Numerical and analytical solutions of Neutrino-Dominated Accretion Flows with a Non-Zero Torque Boundary Condition and its applications in Gamma-ray Bursts

TL;DR

This paper develops numerical and analytical models of neutrino-dominated accretion flows with non-zero boundary torque, demonstrating their potential to power bright gamma-ray bursts and explaining observed variability and afterglow features.

Contribution

It introduces the first solutions for NDAFs with non-zero boundary stresses, challenging previous assumptions and expanding understanding of GRB central engines.

Findings

NDAFs with boundary torque can power bright GRBs.

Disk becomes viscously unstable, explaining GRB variability.

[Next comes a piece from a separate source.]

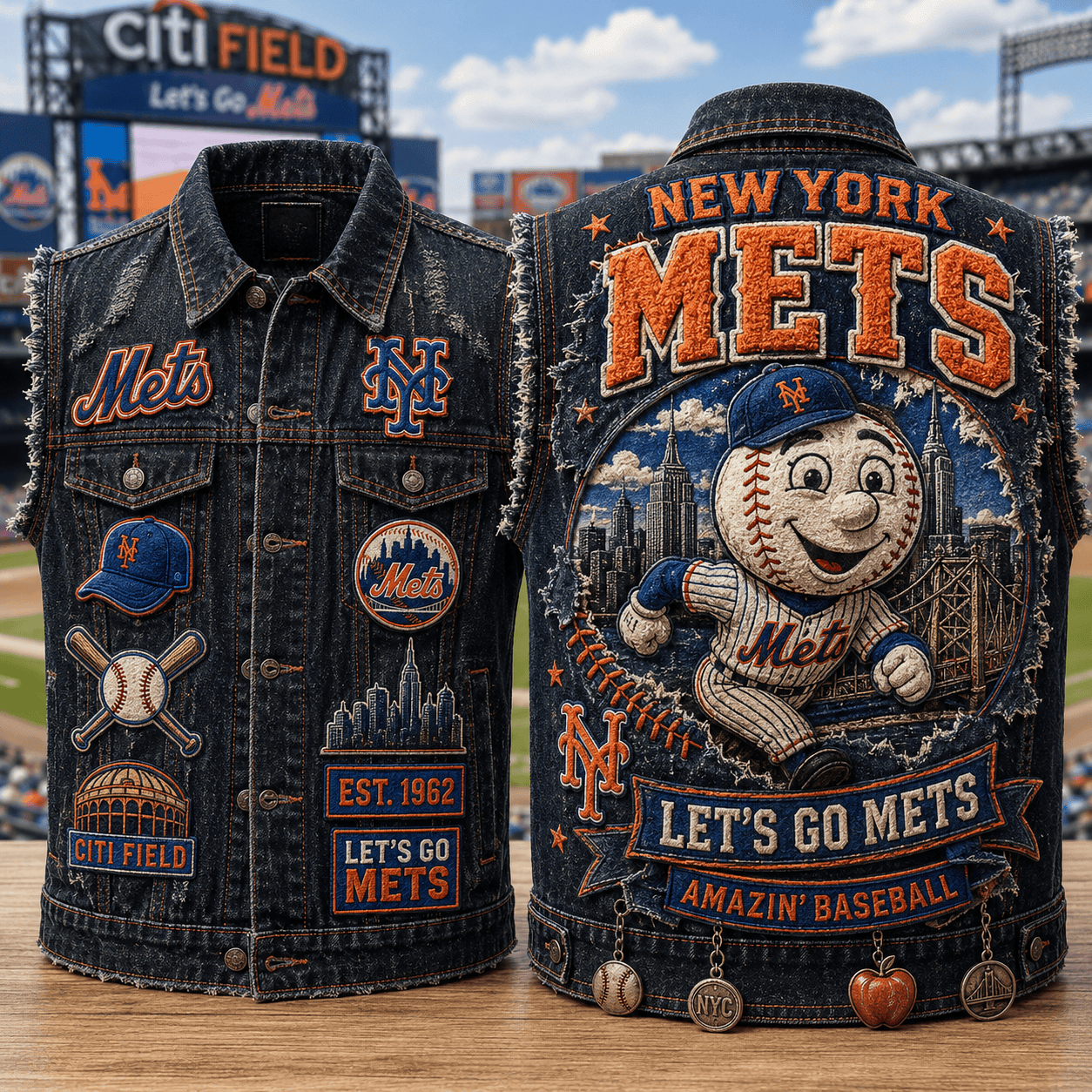 New York Mets Merch Let's Go Mets Amazin Baseball Denim Vest Present For Baseball Lovers - Merchluma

Boundary torque has negligible effect on gravitational wave strength.

Abstract

A stellar mass black hole (BH) surrounded by a neutrino-dominated accretion flow (NDAF) has been discussed in a number of works as the central engine of gamma-ray bursts (GRBs). It is widely believed that NDAF cannot liberate enough energy for bright GRBs. However, these works have been based on the assumption of "no torque" boundary condition, which is invalid when the disk is magnetized. In this paper, we present both numerical and analytical solutions for NDAFs with non-zero boundary stresses, and reexamine their properties. We find that NDAF with such boundary torque can be powerful enough to account for those bright short GRBs, energetic long GRBs and ultra-long GRBs. The disk becomes viscously unstable, which makes it possible to interpret the variability of GRB prompt emission and the steep decay phase in the early X-ray afterglow. Finally, we study the gravitational waves radiated from a processing BH-NDAF. We find that the effects of the boundary torque on the strength of the gravitational waves can be ignored.